Many thoughts run through our heads, “should I sell and cut my losses” or “how much longer can this continue?”
In the last week, with the worries about international trade and Trump’s travel ban and all sorts of stuff, technology stocks, at least the ones I’m invested in, are down big. Granted, they were up pretty big for the first two weeks of June, but now they are back where they started. In these moments it is crucial that we have a healthy mindset if we want to be great investors.
After all, if you’re the greatest financial analyst and you know absolutely everything, without the correct behavior and emotional stability, it will be useless. How we handle our emotions is the most important part of investing because it is the root of decision making. We can know everything about a company but if we get scared and sell, then all that knowledge doesn’t matter.
However, the more we know about a company the better the odds are that we will make the best decisions possible.

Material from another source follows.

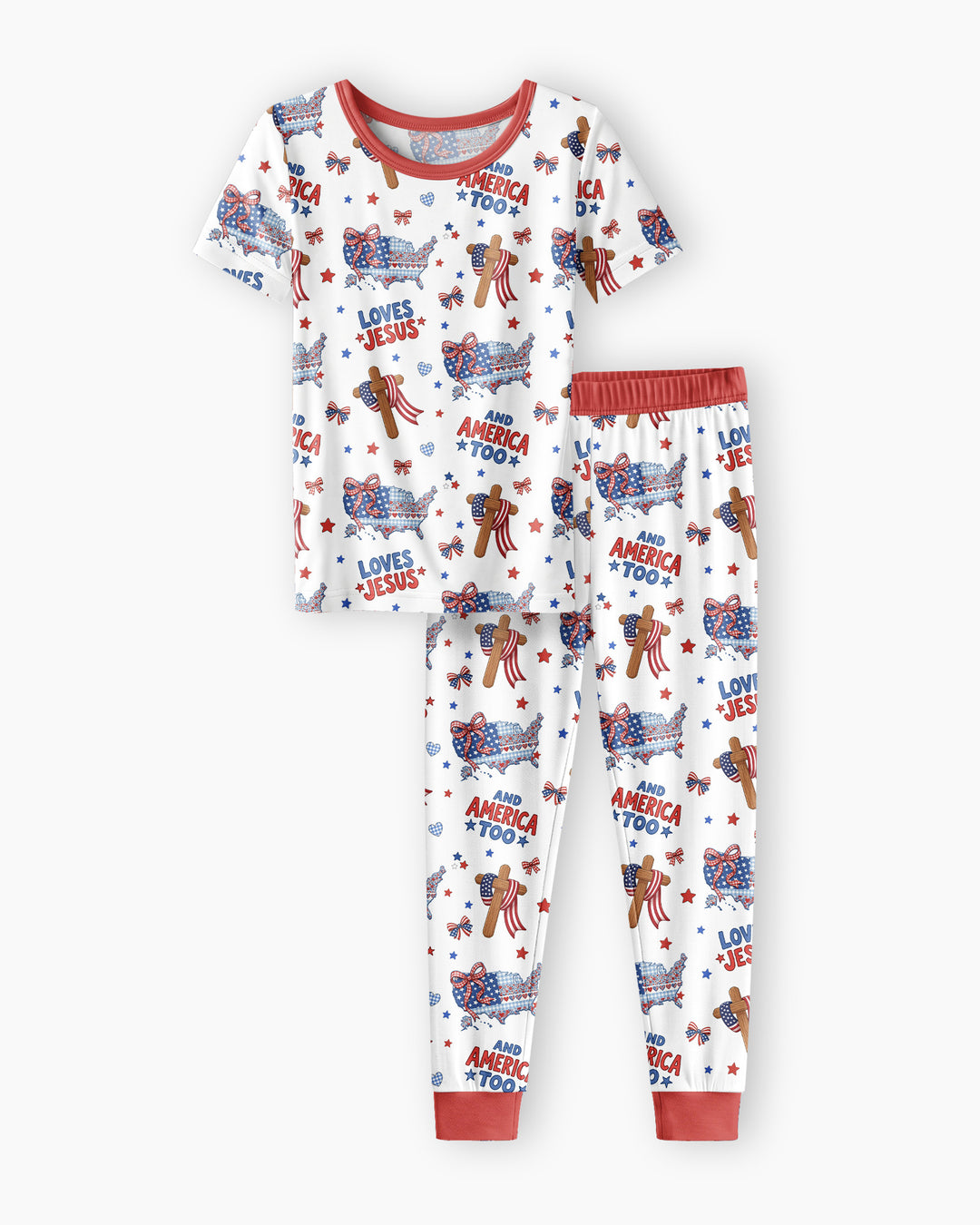 Loves Jesus And America Too Bamboo Two Piece Short Sleeve Pajama Set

If you have done your homework on a particular company and you know the value of it, you will likely make good decisions. This is precisely why doing the hard work of research is so important: because it guides your decision making. If you know exactly why you’re invested in a company, if the information changes, then you can change your mind. If you have no idea why you’re doing what you’re doing, you won’t know when to change your mind.
With that said, this brings us to the most important question. To lay some more foundation, as investors, we invest in businesses, not stocks. Stocks are simply the vehicle by which we invest in businesses. And to pick which businesses we want to invest in, we pick the best ones because we want to be on the winning team. In order to pick the best ones, we look at the business results and all sorts of information to discern which ones are best. If we know that stock prices generally follow the business results, we should only focus on these results.

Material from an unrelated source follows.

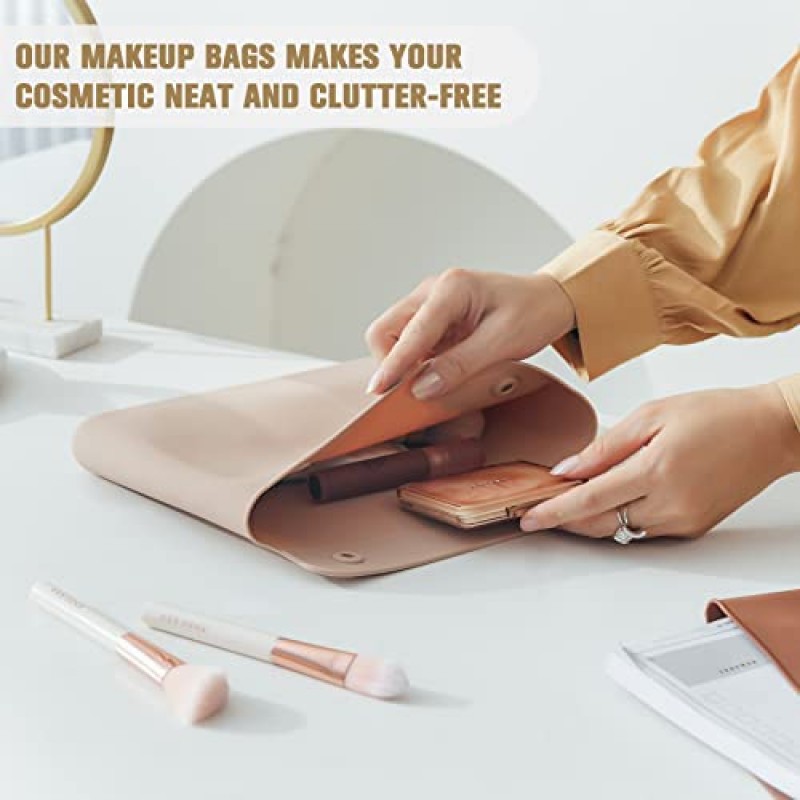 FERYES 실리콘 메이크업 가방, 여성용 프리미엄 여행 세면도구 가방, 메이크업, 미용 도구 및 브러쉬를 위한 간편한 휴대 화장품 가방 - 카키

Sometimes, often actually, stock prices get out-of-whack with the business results and in those cases we should buy when we think the price is too low and maybe even sell if it is extraordinarily high.
In the long term, stock prices generally follow the business results though. So the number one most important question to ask yourself when the market is tanking is:
have the business results changed?
If they haven’t, carry on. If they have, maybe you need to change your mind.
If you are focusing obsessively on the stock price, it can be difficult to discern whether you should hold your stocks. Because your brain will tell you to cut your losses to stop the pain. And if you don’t know why you are holding a stock, then that fear will win. If you know the business results and the value of your stocks, then you can have emotional stability. So knowledge begets emotional stability. Like I said, it is possible for you to be very fickle and still act irrationally, but usually this helps.
So next time the market is tanking, and it will tank, ask yourself: have the business results of my stocks changed? Spend infinitely more time analyzing the business and looking at the numbers than the stock price. If you do just this one thing, you are well on your way to becoming a fantastic investor. It’s more stimulating to look at the stock prices and see all the money you’re making (or losing, but hopefully not) rather than looking through financial statements. But the latter is so much more useful as an investor. Watching stock prices is mostly counterproductive to great results as an investor. In summary, watch business results, not stock prices and you will most likely do very well.